Moving to a more basic level, moving to a single payer system modeled after an expansion of the medicare/medicaid system would undoubtedly lead to significant cuts in physician pay. The reason for this is simple, every visit and procedure would result in less money going to the doctor. If you want to talk about direct impacts on physicians, that’s the obvious result.
This isn’t getting into whether or not what you want for health care is right or not. The discussion here is about the palatability of single payer system to physicians, hospitals and insurance companies. While insurance companies opposition is frankly obvious, the physicians and hospitals won’t go for it unless they wouldn’t face massive cuts. That’s what makes their opposition frankly obvious, even if the ACA wasn’t passed.
Why do doctor salaries need to be cut? The real problem is the trillions getting sucked out of the system by the ruling class for decades.
You have bought into the propaganda. Period.
They don’t necessarily have to I suppose, but I’ve yet to see a single payer proposal that wouldn’t lead to cuts in physician pay. Admittedly most single payer plans for America are thin on details, but most revolve around paying medicare/medicaid rates.
For ER physicians specifically, who mostly work in private groups separate from the hospital making this profit/non-profit/board members stuff irrelevant, physicians bill for visits and procedures. Visits are classified in levels 1 through 5 paid at a certain rate, with procedures like intubation, central lines, lacerations, sedations, reductions, etc being billed separately. Medicare/Medicaid pay at lower rates for those things generally compared to private insurance companies. That’s why it would cut doctor’s salaries.
I haven’t bought into propaganda, I’m just a lot more informed on these issues on this than you. That stuff literally goes into my paycheck man, we pay attention to that shit. Again, it’s profoundly arrogant to just state that you are simply smarter than doctors when it comes to what they do and how they get paid while comparing them to hillbillies.
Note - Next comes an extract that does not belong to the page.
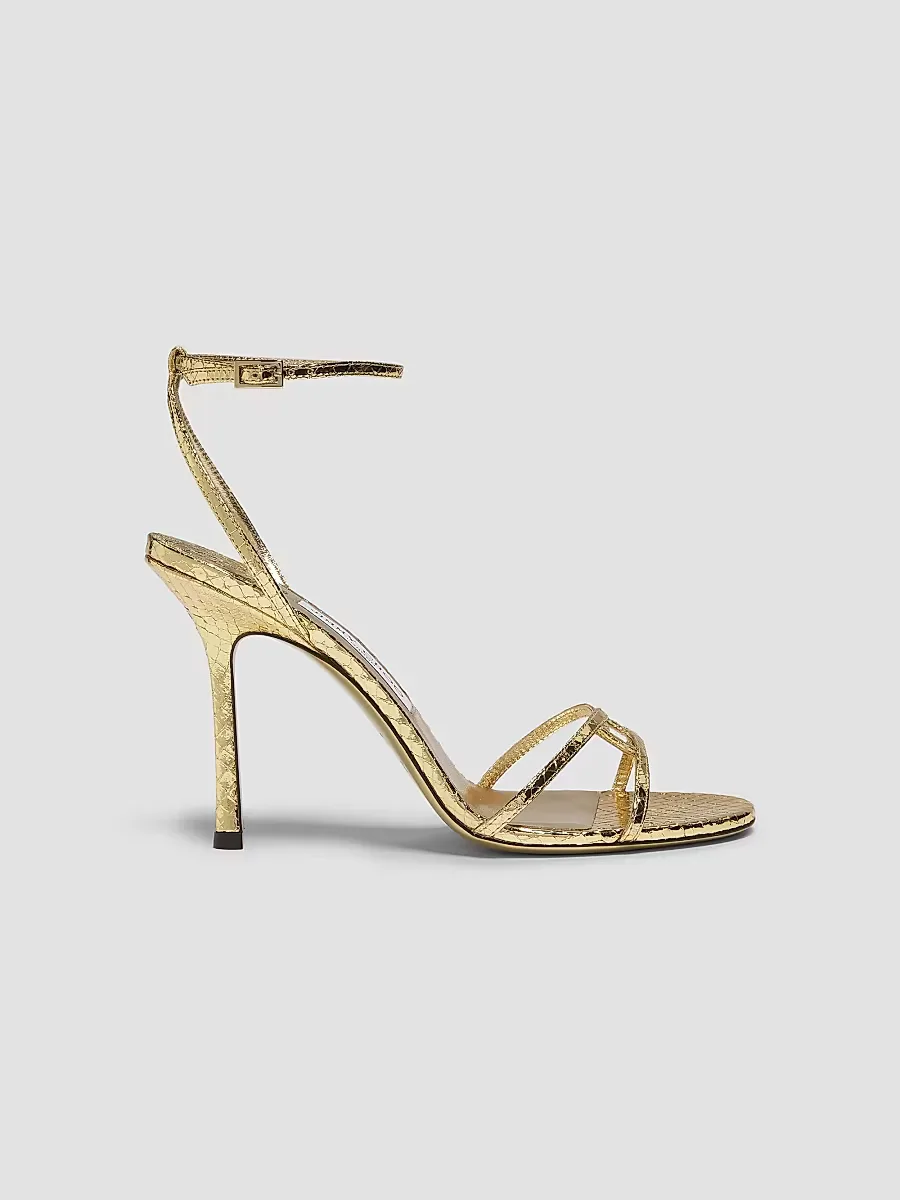 Leo 100MM Metallic Leather Sandals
And finally, all of that is completely separate from whether or not various single payer systems are a good idea for society at large. You can easily make an argument that it’s a good idea. That doesn’t mean you get to employ magical thinking to upend reality. It won’t help you get anything done either.
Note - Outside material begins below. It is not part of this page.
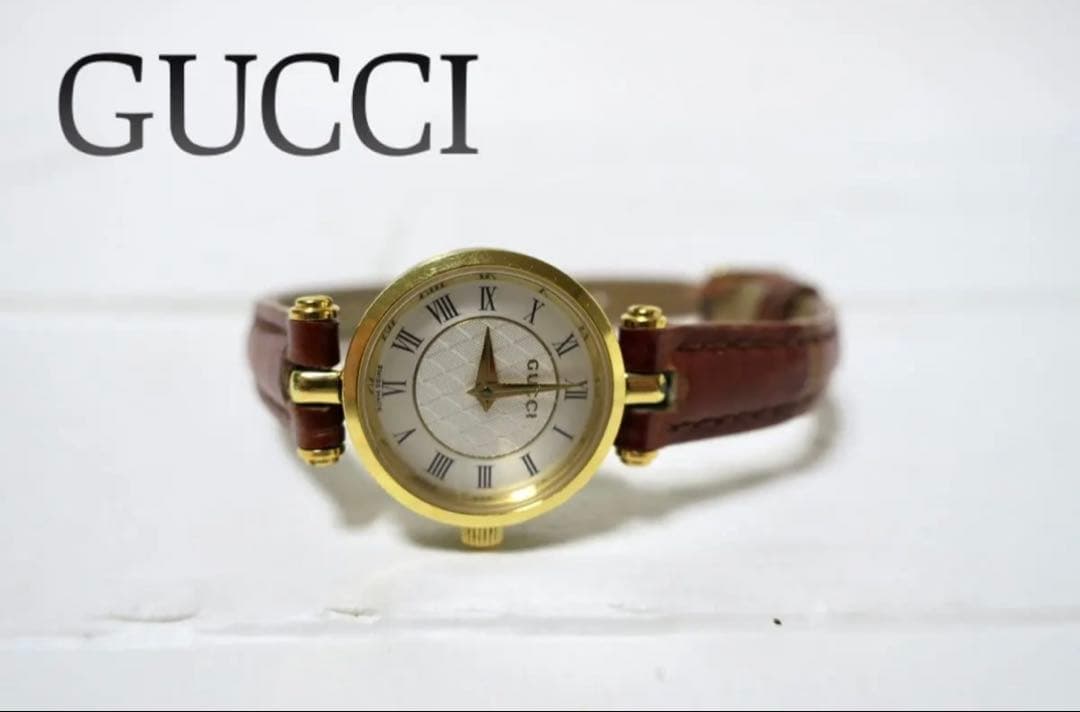 【保証書つき】腕時計 GUCCI 茶色ベルト 時計 レディース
To add on it’s perfectly possible to setup a single payer system that pays USA docs just as much. It just isn’t really part of any proposal I’ve seen.
I’m not saying I am smarter than you. I’m saying if your main argument is that doctors will take a paycut that seems kind of shallow. There is nothing that says doctors can’t be fairly compensated without the soulless ghouls at the top of the pyramid scheme. Where do you think the board of your hospital and the major owners (whether for profit or not) make their money from? It’s from your labor. You are in the labor class. Not the ownership class. Denying people’s health care because you are afraid to make less money ignores the reality of our current system.
How many BMWs and vacation homes do doctors need before we can have health care?
My wife is a doctor and her and her friends are very uncomfortable with this question. Which tells me that people designing health care systems should probably be asking it more. I realize doctors aren’t the villains in the story but they are a powerful voice in how health care resources are distributed.
I don’t really care what the status quo is. I care whether it’s a good idea or not.
Yeah, it probably would be a massive shock to the industry. I’m much more concerned about the shock of people in a country with an obscene level of wealth dying because they lack stuff that is really basic stuff in dozens of other countries.
BTW, I’m not trying to shit on doctors or anything. This goes for anything else too.
It would upset the status quo if we cut the military budget by a few hundred billion dollars a year. It’s still a good idea.